**SUPPLIED DATA:**
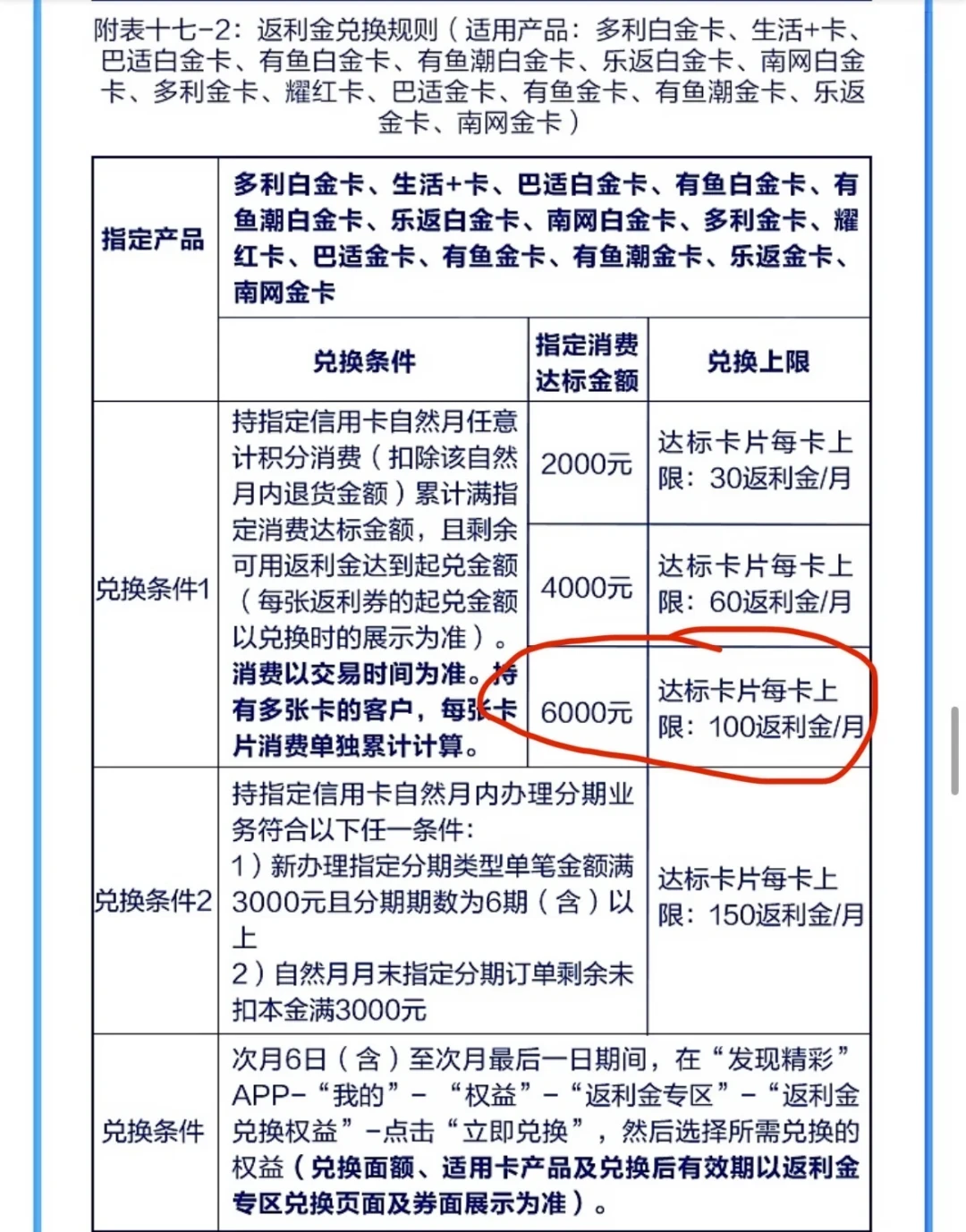 广发返现卡被“温暖”半年后:犀利卡实测废了、多利卡悄悄扩券,急着销卡前先算清这三笔账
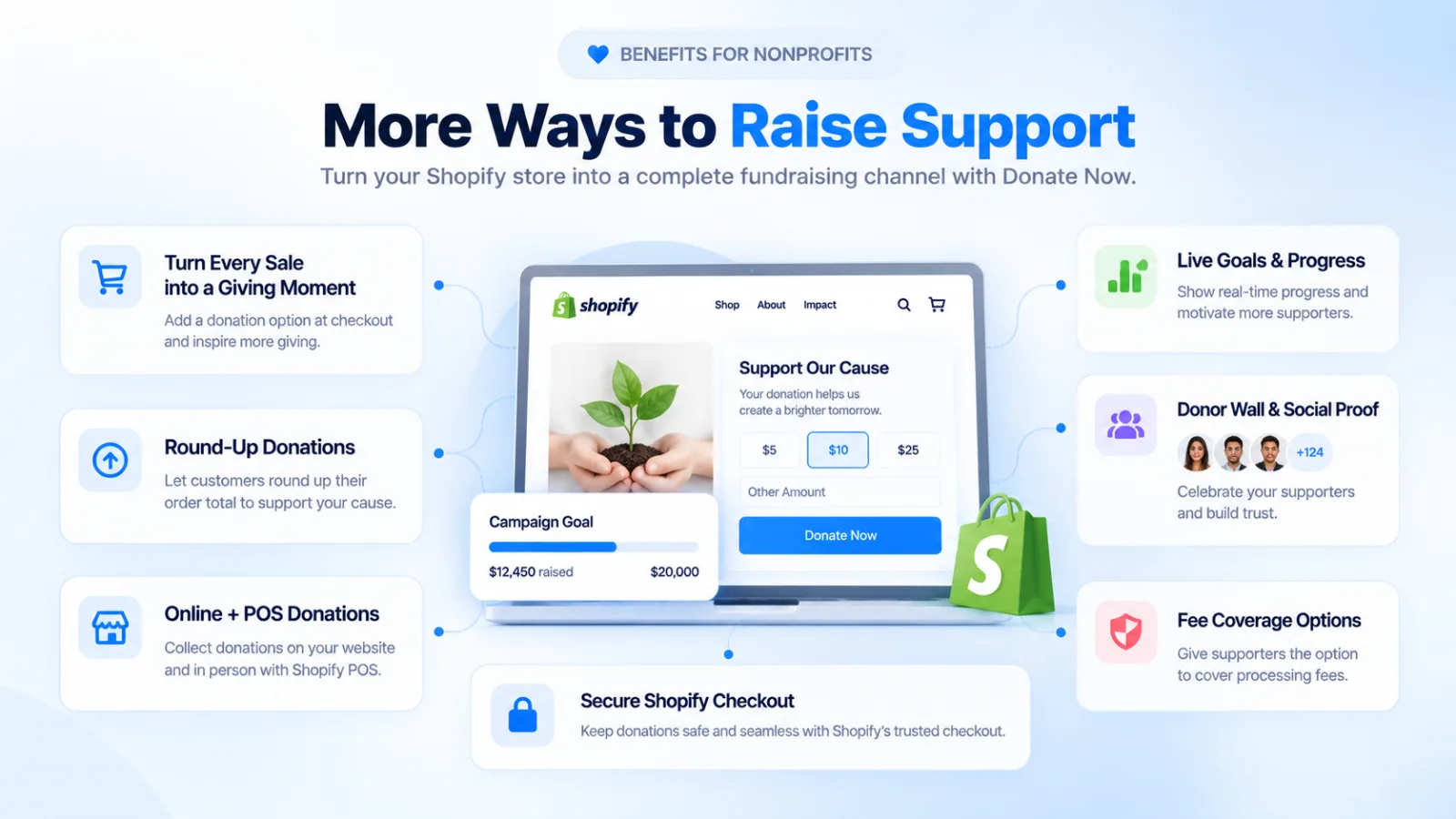 Shopify Fundraising Benefits Infographic.png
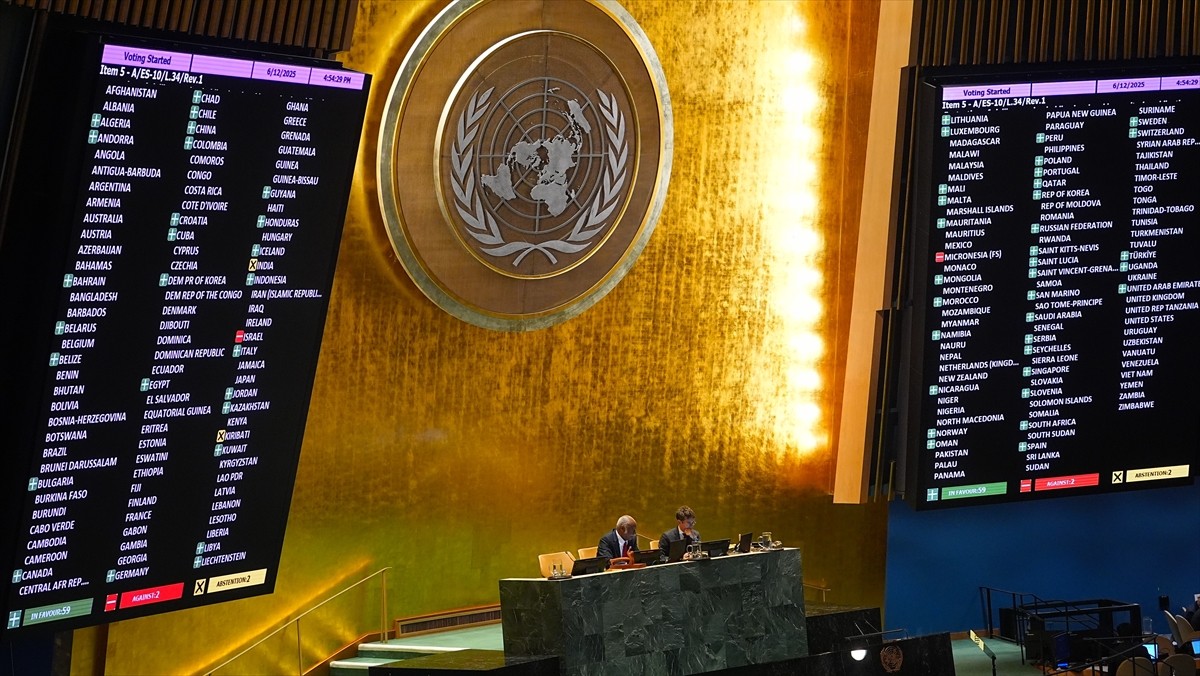 Birleşmiş Milletler (BM) Genel Kurulu, ABD'nin 4 Haziran’da Birleşmiş Milletler Güvenlik...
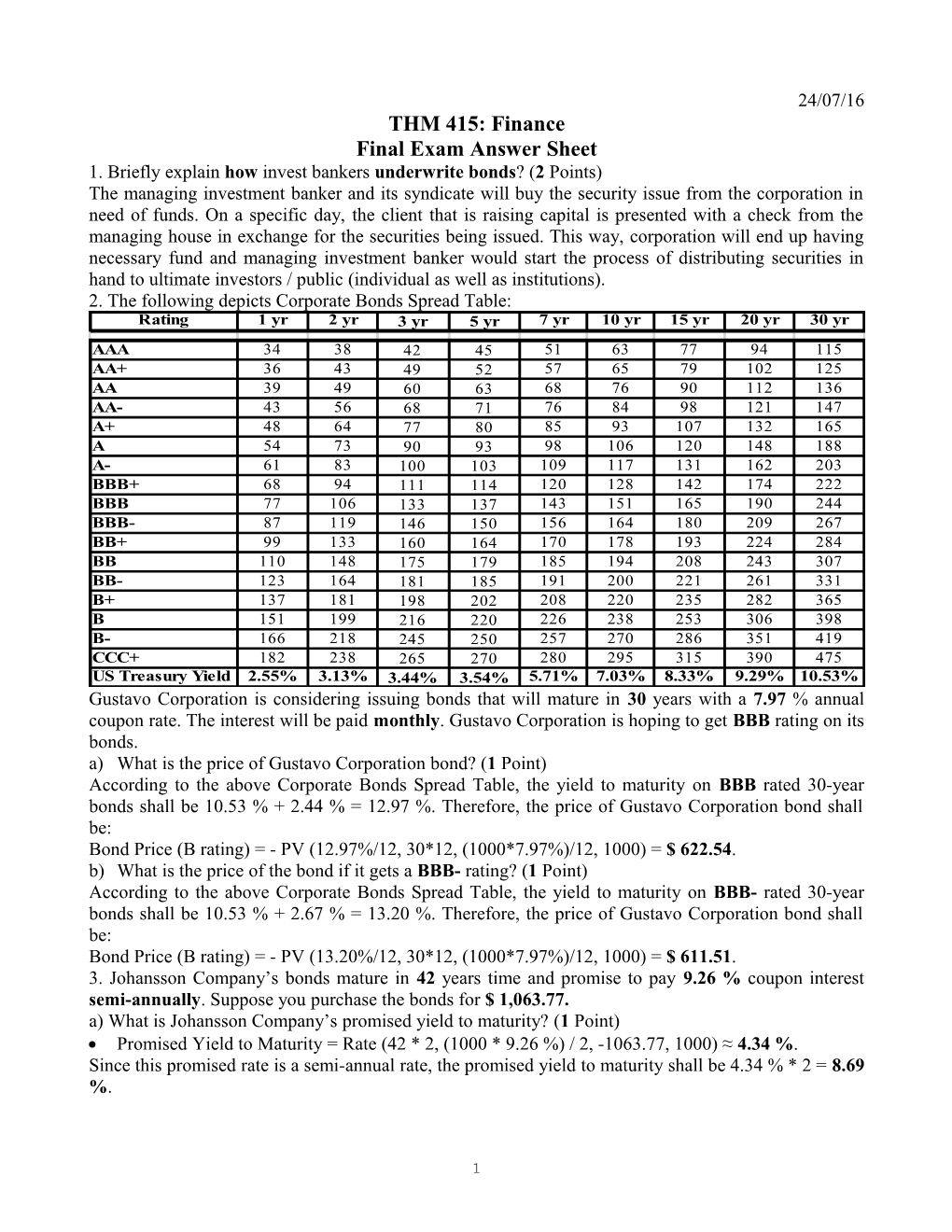 THS 104 Rooms Division Operations I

**EXERCISE AIM:** Please retype the data exactly, but do not carry over any picture.

**RESULT OF THIS TASK:**
 广发返现卡被“温暖”半年后:犀利卡实测废了、多利卡悄悄扩券,急着销卡前先算清这三笔账
 Shopify Fundraising Benefits Infographic.png
 Birleşmiş Milletler (BM) Genel Kurulu, ABD'nin 4 Haziran’da Birleşmiş Milletler Güvenlik...
 THS 104 Rooms Division Operations I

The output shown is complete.